Figure 7. miR-23b diminishes tumor growth and lung metastasis of SC-M1 gastric cancer cells via Notch2 pathway.

A-B. After infection with adenoviruses expressing miR-23b (Ad-miR-23b) or GFP (Ad-GFP) into SC-M1 cells A and SC-M1/myc-N2IC-His cells as well as SC-M1/pcDNA3 control cells B for 48 hours, the viable infected cells were subcutaneously injected into nude mice (n = 5 per group) for the measurement of tumor sizes at the time indicated (left). On day 27, the mice were sacrificed and subcutaneous tumors were excised for the detection of miR-23b expression using miRNA quantitative real-time PCR (right). Data are representative of 3 experiments.

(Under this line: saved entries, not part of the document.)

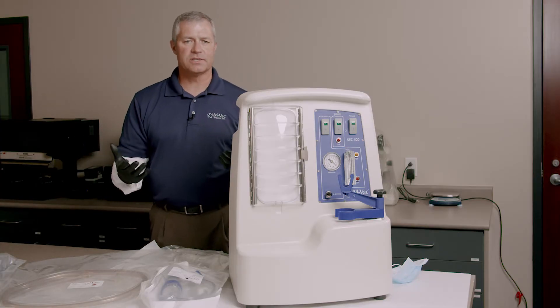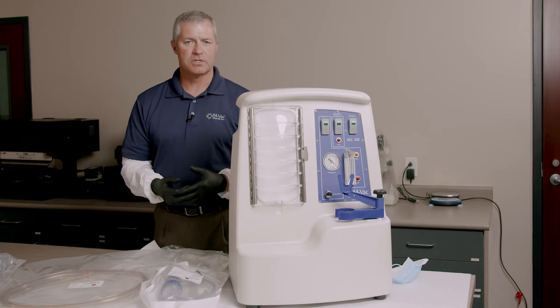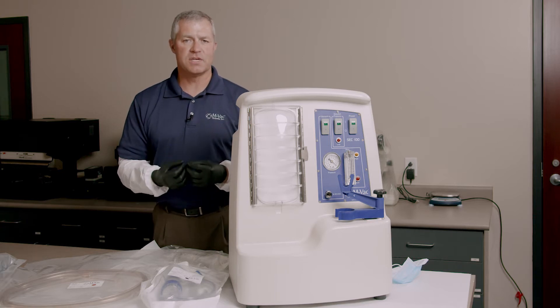In a nutshell, the MVAC is just like a carpet cleaner. It sprays a sterile solution down and vacuums up the DNA. We're going to be showing you really quickly on a couple of different items how that would work.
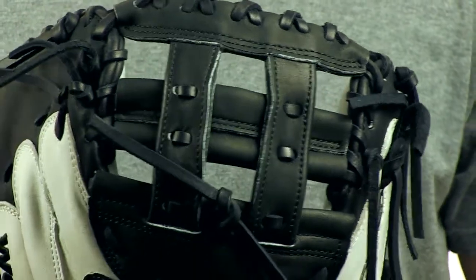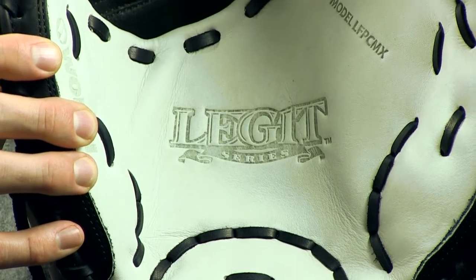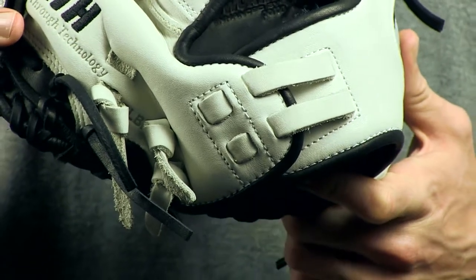It's handcrafted and designed for female fast pitch players with full grain palm and finger back linings, all held together with American Tan Pro laces. The Pour-On XRD padding absorbs the impact from pitches, giving you an incredibly comfortable feel behind the plate.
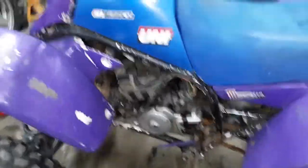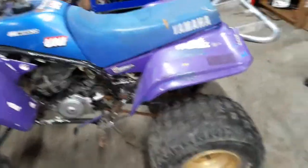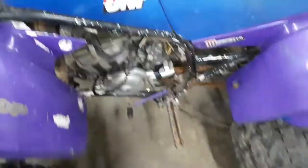It started up — I just shot a little tiny bit of ether in there, which you should not do, but I just knew the compression was low and I wanted to make sure all my electrical was good, and she fired up. So I'm gonna do a top end on this one. I'm gonna pull the engine out — I already got the plastics and stuff coming off of it.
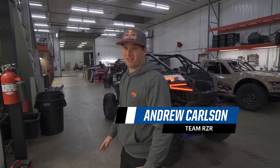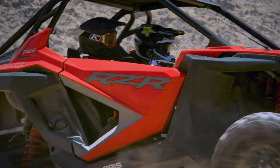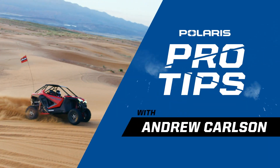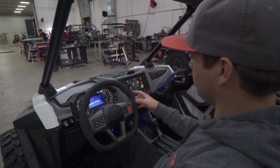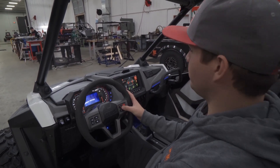Polaris Pro XP, gonna show you my favorite feature. Fox Dynamics equipped, right on the wheel. Click whatever mode you want: comfort, sport, or firm.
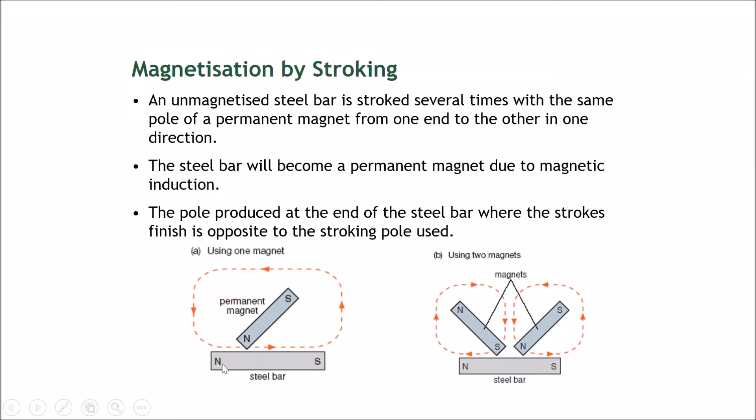Let's talk about magnetization — how do you make a piece of magnetic material become a permanent magnet? You can do it by stroking an unmagnetized steel bar with a permanent magnet. The bar is stroked several times from one end to the other, only in one direction. Like stroking a cat, you only go one way; you use one side only — for example, the north pole — and stroke down across, bring it up, down across, bring it up.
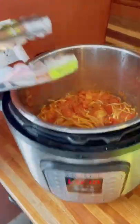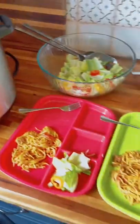I let this slow release when it's done for about 10 minutes and then quick release the rest of the way. When it's done be sure to give it a quick toss with tongs because your beef is still going to be at the bottom of your pan. And there you go — you can serve it up with a salad or veggies. This works with everything.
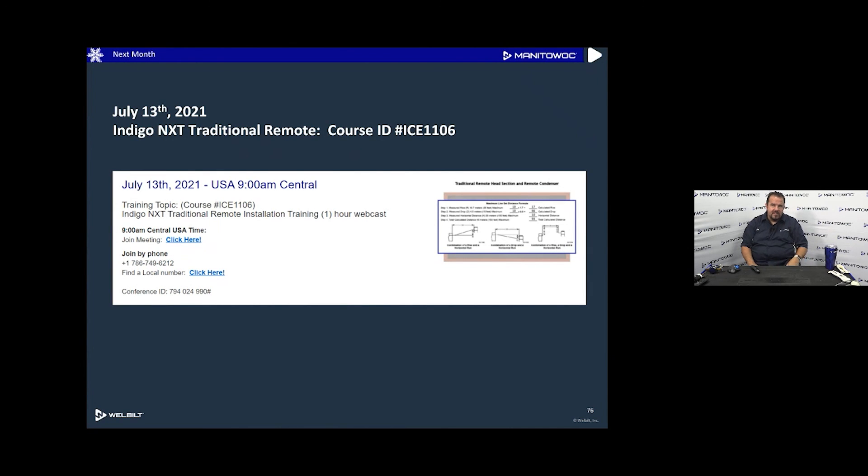The next webcast is July 13th and covers traditional remotes. There are two kinds of remotes: quiet cubes, where the compressor is outside, and traditional remotes, where only the condensing coil is outside while the compressor stays indoors. Traditional remotes reject heat outside but don't eliminate noise. Quiet cubes eliminate both heat and noise outdoors, which is why the two can be confusing.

Bar, 1.0 cm. *P < 0.05; ***P < 0.001. C. For measurement of metastatic nodules in lungs, NOD-SCID mice (n = 6 per group) were injected with the viable SC-M1/myc-N2IC-His cells and SC-M1/pcDNA3 control cells by tail vein injection after infection with adenoviruses expressing miR-23b or GFP. After 15 weeks, the mice were sacrificed and the metastatic nodules in the lungs were counted by gross and microscopic examination. Data are from a representative experiment that was performed three times with identical results. **P < 0.01; #P < 0.05. Data are shown as mean ± standard deviation. D. A model depicting reciprocal regulation between Notch2 receptor and miR-23b in gastric carcinogenesis.